Anderen wurde die Degradierung durch neue Posten versüßt: Der bisherige Duma-Chef Sergej Naryschkin wird Chef der Auslandsspionage. Sein Vorgänger dort, Michail Fradkow, kann sich nun Aufsichtsratschef der russischen Eisenbahn nennen. Sergej Iwanow, lange einer der engsten Vertrauten Putins, bleibt nach seiner Demission als Kanzleichef Berater, nachdem er von Anton Waino, einem Bürokraten, ohne politische Ambitionen, ersetzt wurde.

Der Kremlchef wird 2018 wohl noch einmal als Präsident kandidieren, doch 2024 muss er – vorausgesetzt, die Verfassung wird nicht erneut geändert – den Posten räumen. Schon 2008, als Putin erstmals pro forma ins zweite Glied rücken musste, veranstaltete er ein ähnliches Casting für den Platzhalter. Der damals unterlegene Iwanow ist nun aus dem Spiel, auch Medwedew werden nur Außenseiterchancen eingeräumt.

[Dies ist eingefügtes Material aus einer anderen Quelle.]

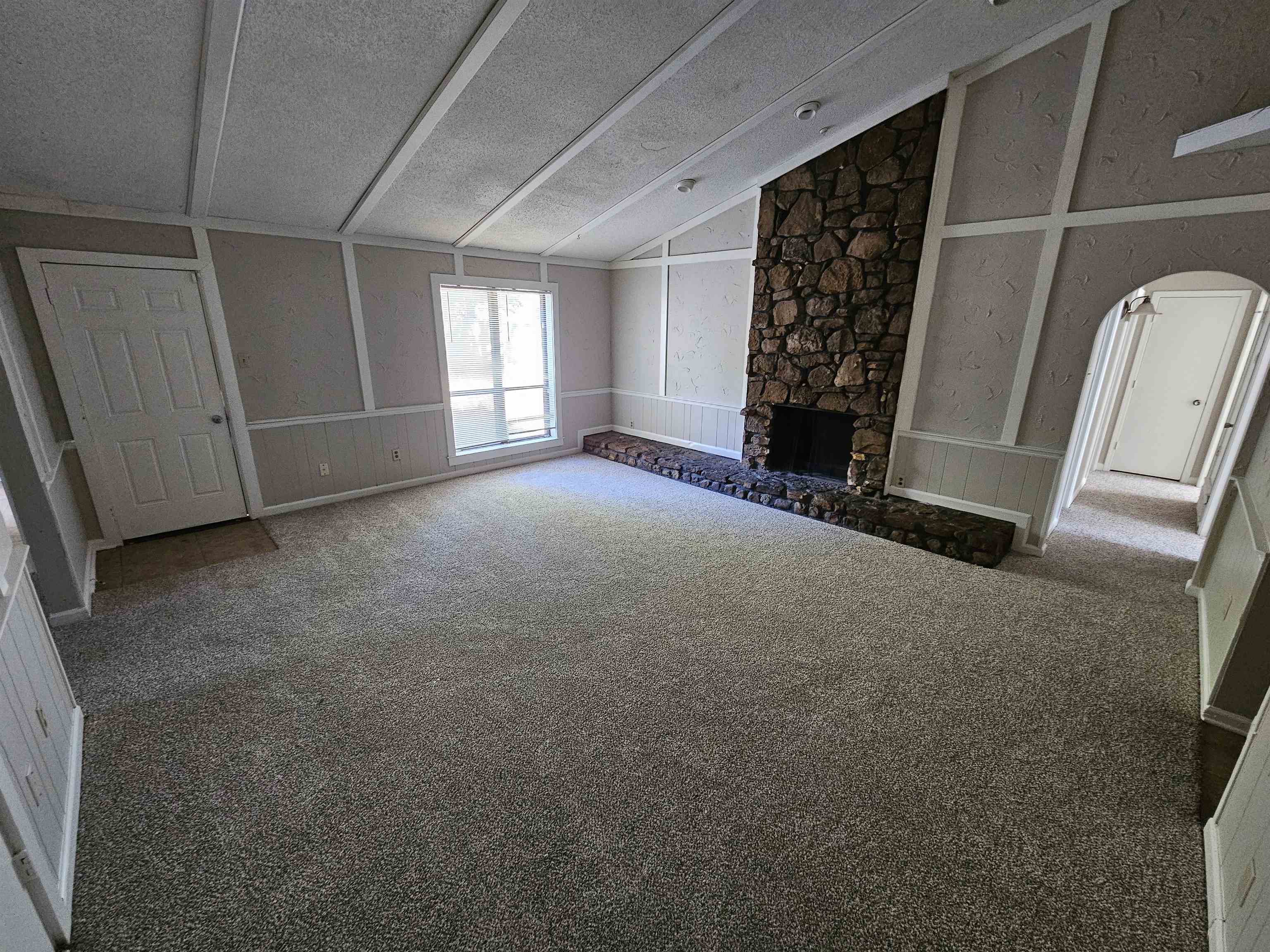 4073 Silverleaf Road Memphis, TN 38115 - Photo 3 of 17 a view of an empty room with a fireplace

Als neue Bewerber gelten in den Medien die frisch ernannten Gouverneure von Tula und Kaliningrad, Alexej Djumin und Jewgeni Sinitschew, beide zuvor Leibwächter Putins. Mit Spannung verfolgt werden in Russland auch die Entwicklungen im Ermittlungskomitee. Sollte dessen Chef Alexander Bastrykin, ein Studienkollege Putins, tatsächlich gehen müssen, dürfte auch dessen Nachfolger zum Kandidatenkreis gezählt werden. (André Ballin aus Moskau, 27.9.2016)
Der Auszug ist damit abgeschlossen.